→ **Assignment**
Word for word, output the data that follows.

START Dataset content

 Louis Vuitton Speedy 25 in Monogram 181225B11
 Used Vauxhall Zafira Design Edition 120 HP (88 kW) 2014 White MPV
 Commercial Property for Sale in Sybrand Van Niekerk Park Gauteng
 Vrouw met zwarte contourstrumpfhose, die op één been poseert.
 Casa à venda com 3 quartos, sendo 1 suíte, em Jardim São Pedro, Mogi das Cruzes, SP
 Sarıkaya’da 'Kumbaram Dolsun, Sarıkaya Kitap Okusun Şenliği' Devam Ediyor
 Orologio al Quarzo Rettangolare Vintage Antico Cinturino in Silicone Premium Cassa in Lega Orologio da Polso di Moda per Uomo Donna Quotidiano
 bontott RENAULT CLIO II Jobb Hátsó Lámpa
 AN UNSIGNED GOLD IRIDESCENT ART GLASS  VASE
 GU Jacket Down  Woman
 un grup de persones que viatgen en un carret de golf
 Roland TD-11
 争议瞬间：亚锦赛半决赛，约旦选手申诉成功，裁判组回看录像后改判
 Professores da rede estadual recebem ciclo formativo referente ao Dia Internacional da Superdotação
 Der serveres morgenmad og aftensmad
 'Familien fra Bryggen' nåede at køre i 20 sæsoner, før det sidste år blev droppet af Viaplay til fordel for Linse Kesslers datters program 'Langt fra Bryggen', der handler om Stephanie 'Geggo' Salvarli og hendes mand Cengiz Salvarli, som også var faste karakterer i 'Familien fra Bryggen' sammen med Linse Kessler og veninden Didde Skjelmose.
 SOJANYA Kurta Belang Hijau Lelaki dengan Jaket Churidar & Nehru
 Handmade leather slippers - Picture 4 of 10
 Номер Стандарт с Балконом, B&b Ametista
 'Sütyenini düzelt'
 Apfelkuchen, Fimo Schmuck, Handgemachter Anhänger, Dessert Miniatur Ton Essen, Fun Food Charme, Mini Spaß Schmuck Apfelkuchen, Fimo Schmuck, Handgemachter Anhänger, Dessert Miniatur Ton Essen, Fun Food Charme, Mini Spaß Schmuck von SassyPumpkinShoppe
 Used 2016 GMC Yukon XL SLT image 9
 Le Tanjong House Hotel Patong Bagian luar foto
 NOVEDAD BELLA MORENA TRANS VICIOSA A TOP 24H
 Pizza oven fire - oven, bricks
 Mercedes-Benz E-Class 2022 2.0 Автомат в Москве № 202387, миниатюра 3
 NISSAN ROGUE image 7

END Dataset content

→ **Exercise response**
 Louis Vuitton Speedy 25 in Monogram 181225B11
 Used Vauxhall Zafira Design Edition 120 HP (88 kW) 2014 White MPV
 Commercial Property for Sale in Sybrand Van Niekerk Park Gauteng
 Vrouw met zwarte contourstrumpfhose, die op één been poseert.
 Casa à venda com 3 quartos, sendo 1 suíte, em Jardim São Pedro, Mogi das Cruzes, SP
 Sarıkaya’da 'Kumbaram Dolsun, Sarıkaya Kitap Okusun Şenliği' Devam Ediyor
 Orologio al Quarzo Rettangolare Vintage Antico Cinturino in Silicone Premium Cassa in Lega Orologio da Polso di Moda per Uomo Donna Quotidiano
 bontott RENAULT CLIO II Jobb Hátsó Lámpa
 AN UNSIGNED GOLD IRIDESCENT ART GLASS  VASE
 GU Jacket Down  Woman
 un grup de persones que viatgen en un carret de golf
 Roland TD-11
 争议瞬间：亚锦赛半决赛，约旦选手申诉成功，裁判组回看录像后改判
 Professores da rede estadual recebem ciclo formativo referente ao Dia Internacional da Superdotação
 Der serveres morgenmad og aftensmad
 'Familien fra Bryggen' nåede at køre i 20 sæsoner, før det sidste år blev droppet af Viaplay til fordel for Linse Kesslers datters program 'Langt fra Bryggen', der handler om Stephanie 'Geggo' Salvarli og hendes mand Cengiz Salvarli, som også var faste karakterer i 'Familien fra Bryggen' sammen med Linse Kessler og veninden Didde Skjelmose.
 SOJANYA Kurta Belang Hijau Lelaki dengan Jaket Churidar & Nehru
 Handmade leather slippers - Picture 4 of 10
 Номер Стандарт с Балконом, B&b Ametista
 'Sütyenini düzelt'
 Apfelkuchen, Fimo Schmuck, Handgemachter Anhänger, Dessert Miniatur Ton Essen, Fun Food Charme, Mini Spaß Schmuck Apfelkuchen, Fimo Schmuck, Handgemachter Anhänger, Dessert Miniatur Ton Essen, Fun Food Charme, Mini Spaß Schmuck von SassyPumpkinShoppe
 Used 2016 GMC Yukon XL SLT image 9
 Le Tanjong House Hotel Patong Bagian luar foto
 NOVEDAD BELLA MORENA TRANS VICIOSA A TOP 24H
 Pizza oven fire - oven, bricks
 Mercedes-Benz E-Class 2022 2.0 Автомат в Москве № 202387, миниатюра 3
 NISSAN ROGUE image 7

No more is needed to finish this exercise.